In view of the reputation of the Maoists for ruthlessness, it is obviously extremely difficult for any of the villagers to act as police informers. It is obviously because of this fearful image that the police have not been able to make much headway into ascertaining the whereabouts of the Maoist leaders despite the use of drones for aerial surveillance. Nor can the security forces replicate the brutality of the Maoists even during the encounters lest the villagers suffer as a consequence. From this standpoint, the police are generally one step behind in the matter of taking their adversaries headon.

However, notwithstanding the presence of the Maoists in several states and their occasional gun battles with the security forces, few will deny that they are fighting a losing battle. Like the dacoit gangs, they will forever remain outlaws, cooped up their jungle redoubts and unable to indulge in anything more than create mayhem now and again. There is little chance of their Mao Zedong Thought becoming the dogma of the land.

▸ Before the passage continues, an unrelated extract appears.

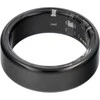 OEM Smart Ring R11M - išmanusis plieno žiedas su įkrovimo dėžute, 8 dydis (18,1 mm), juodas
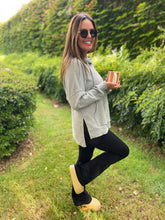 Load image into Gallery viewer, PREORDER: Best Selling Touch Of Fall Thermal Hoodie in Five Colors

Like the other communist parties – the CPI, the CPI(M) and the CPI(M-L) – the Maoists, who are the offshoots of these parties, are seemingly destined to remain in the margins of national life. The only difference is that while the other three have accepted parliamentary democracy as their creed, the Maoists continue to repose their faith in establishing the dictatorship of the proletariat after overthrowing the bourgeoise state. It will be an unfulfilled dream despite their occasional violent outbursts.